When American steel was king

Did Trump start a trade war America will lose?
Did Trump start a trade war America will lose?

When World War II ended, no industry was stronger or more important than American steel.

But over the last 60 years, the industry has suffered a steady decline, becoming less competitive and far less central to the US economy.

Immediately after the war, the global demand for steel was more voracious than ever. Mills owned by foreign competitors had been devastated by the bombings. Cities in Europe and Asia needed to rebuild, and American cities were growing rapidly as well. Demand for new cars was great, and the Interstate Highway was under construction.

America's steel mills were producing steel at a furious pace, making more than half the world's steel in the late 1940s, and about 40% of the world's steel throughout the 1950s.

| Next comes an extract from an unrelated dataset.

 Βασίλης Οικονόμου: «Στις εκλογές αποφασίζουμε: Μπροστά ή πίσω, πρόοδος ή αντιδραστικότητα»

In the 10 years starting in 1948, American steel mills averaged nearly 700,000 workers. Today only 83,000 people still work in the nation's steel mills.

Manufacturing changes

Part of that decline is due to much more efficient processes. The basic oxygen furnaces and continuous casters now in use can make steel using a fraction of the work, energy and manpower required by open hearth furnaces the industry used during its heyday.

Additionally, much of the steel produced today comes from recycled scrap, as opposed to using the more expensive and complex process of turning iron ore into steel. In fact, the biggest steelmaker in the United States, Nucor (NUE), uses recycled scrap. It started with a single minimill in 1969.

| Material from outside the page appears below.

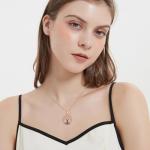 Thor Hammer Necklace with Family Tree Pendant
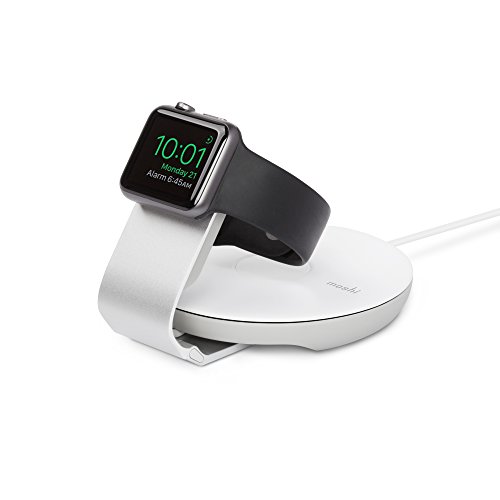 Moshi Stand Nomade für Apple Watch Silber/weiß von Moshi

"Nucor did more to kill traditional American steel production than the Chinese ever did," said Stephen Mihm, a University of Georgia history professor who specializes in the history of business.

steel history alabama
Two steelworkers at Alabama's Birmingham Steel Company in 1942.

But Nucor wasn't the only problem. Foreign competitors in Europe and Japan were much faster to adopt more efficient technologies after World War II, giving them an edge. Making matters worse, Mihm said, the United States was reluctant to change its ways, giving the mills overseas an even bigger advantage.

"Neither labor nor management were thrilled about the idea of spending the capital to switch to basic oxygen furnaces," He said. "But labor wasn't the one making the capital investment decisions. It's ultimately management that dropped the ball."

Rise of foreign steelmakers

But others say that US efforts to help Europe and Japan rebuild after the war gave foreign competitors a big advantage by helping to lower the cost of capital those steelmakers needed to rebuild.

"We basically gifted steel industries to Germany and Japan," said Scott Paul, president of the Alliance for American Manufacturing, a public interest group supported by both the Steelworkers union and leading manufacturers. "Blaming the American steel industry, I'm not so sure that's fair."

Then came the industrialization of China, which led to a boom in the steel industry there unlike anything since the industrial revolution.

China's steel production went from a third of the output of American mills in 1981 to match US production only 12 years later. It's posted an 800% increase in production since then.

Today China's steel industry produces roughly half the steel in the world, according to World Steel, a global industry trade group. American mills produce less than one tenth the volume of China.

And while much of that production is used by Chinese auto plants and construction, there is no question that there are massive amounts of Chinese steel exports driving down prices around the globe.

"China has a lot of zombie steel mills turning out steel that no one needs," said Paul. "It's unbelievable how market distorting it is. In a labor intensive industry like steel, that means closing mills and layoffs."

A different economy

At the same time that foreign steelmakers became more competitive, the US economy shifted away from manufacturing goods, and became centered around providing services.

The growth of industries like banking, media and much of the tech sector, helped push steel aside.

To mark the end of an era, U.S. Steel (X) was dropped from the Dow Jones industrial index, a list of the nation's most powerful companies, after 90 years in 1991. Disney (DIS) joined the index at the time, as did JPMorgan, which is ironically a Wall Street firm named for the founder of U.S. Steel.

Bethlehem Steel, was the last steel company to fall out of the Dow in 1997, when Walmart (WMT), Hewlett-Packard (HPQ) and Travelers (TRV) insurance were added in.